Prepare an appropriate size mounting board using a strong, stable material – I used a piece of laminated bamboo stair-tread. (Figure 1) I’m showing the mounting board bottom-side-up. I include feet so the bolts attaching the grinder clear the bench top. You’ll see this in Figure 4.
Assemble the hinges in pairs as shown – you’ll need the double fold so the entire assembly clears the table top.
Attach hinges to the mounting board and the front edge of the table apron as shown in Figure 3.
When projects call for the full surface of the work bench, simply swing the grinder down to its storage position, as shown in Figure 4.
I do a few shows and wood turning demonstrations each year. This requires portability. With the grinder in the “up” position, I simply tap the hinge pins out of the top pair of hinges.

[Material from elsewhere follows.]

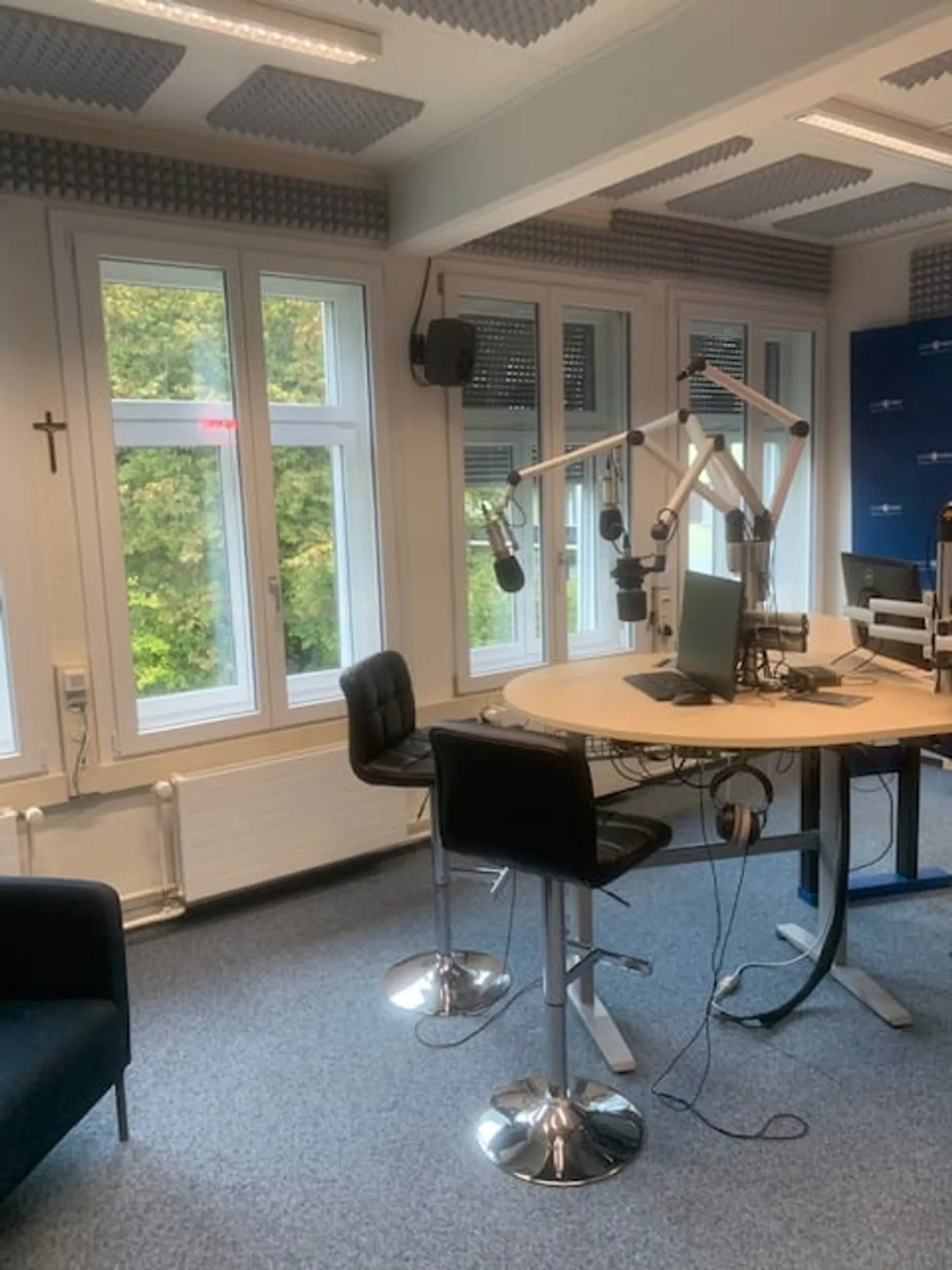 Bâtiment de bureaux polyvalent à louer à Soodring Adliswil - Photo 4 sur 11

Now, the grinder – still mounted on its board with jigs in place – becomes a portable tool.
You can take a similar approach with other bench-top tools in your shop. The weight of the drill press suggested larger hinges, and I took time to reinforce the bench apron with some good, tough hardwood. The spindle/insert storage on the sander required special consideration so the loose parts wouldn’t spill whenever swinging the tool into a stored position.